Our scholars have given appellations to several of our most important personalities:
- Abraham our Father,
- Moses our Teacher,
- Ezra the Scribe.
Our relationship to God changed in each era and these people truly personify that relationship.
The Torah starts with the story of Creation, including Adam and Eve. The beginnings were not really auspicious, Cain kills Abel and his descendant Lamech is a truly horrifying individual. Ten generations on, God has quite literally had enough and wants to start over. However, he finds one righteous person, Noah, and God instructs Noah how to save humankind and all of the creatures from the Flood. Because of what Noah did and the horror of what God did, God made a promise never to destroy all of humankind again and we have a rainbow as a concrete sign
At this point in our history, God's relationship to man is one on one at God's choosing. Very intimate if it is there at all.
Ten generations more, and we meet Abraham our Father.
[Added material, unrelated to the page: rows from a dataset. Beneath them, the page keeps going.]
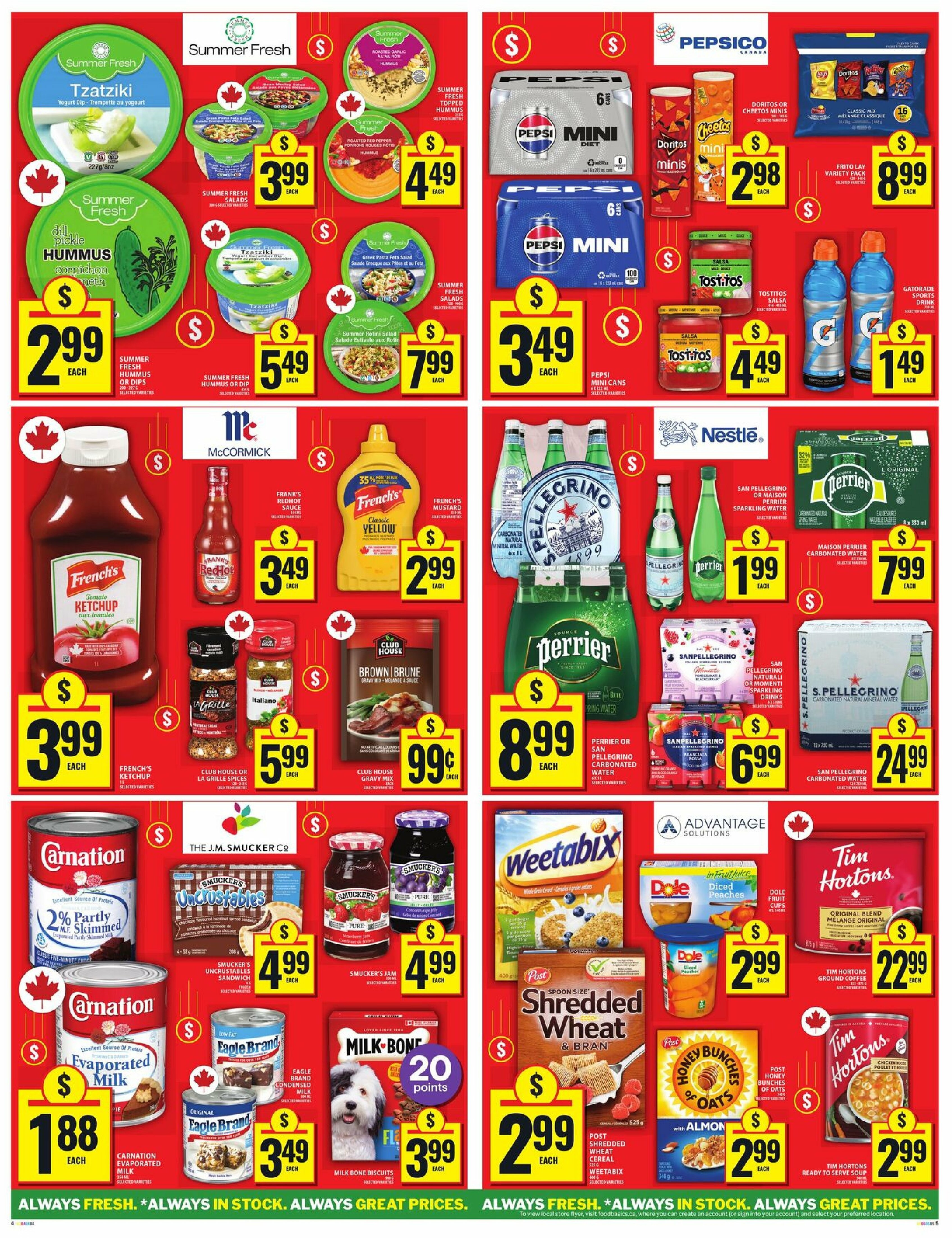 food-basics - Food Basics flyer valid from 08-28 - 09-03 - page: 6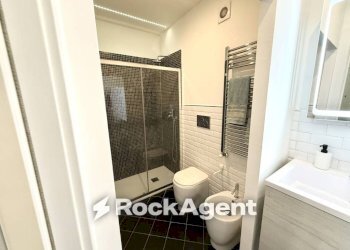 Bagno - Bilocale via Carlo Farini, 80, Milano - foto 32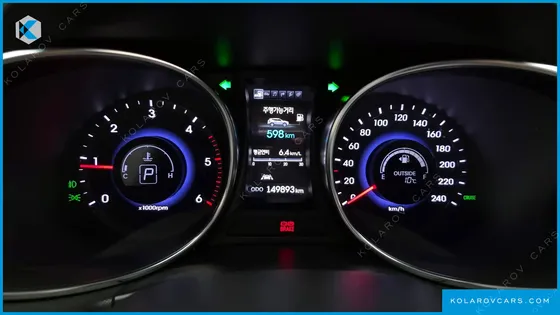 HYUNDAI SANTA FE DIESEL(E-VGT) 2.0 2WD EXCLUSIVE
God was not generally present to all people during Abraham's lifetime, but God did have a very personal relationship with Abraham, Isaac, and Jacob, and also interacted directly with Hagar. At the Akedah, God tests Abraham and we enter into a covenant together.
In one sense, this is the beginning of the Jewish people. Abraham travels widely and builds many alters and sacrifices many animals. But, we still do not have any law; no sense of being Jewish. We segregate ourselves by circumcision but that is about it.
The relationship with God is still personal and intimate but not widely shared.
Fast forward a bit and we are facing an existential threat and relocate to Egypt because of a famine.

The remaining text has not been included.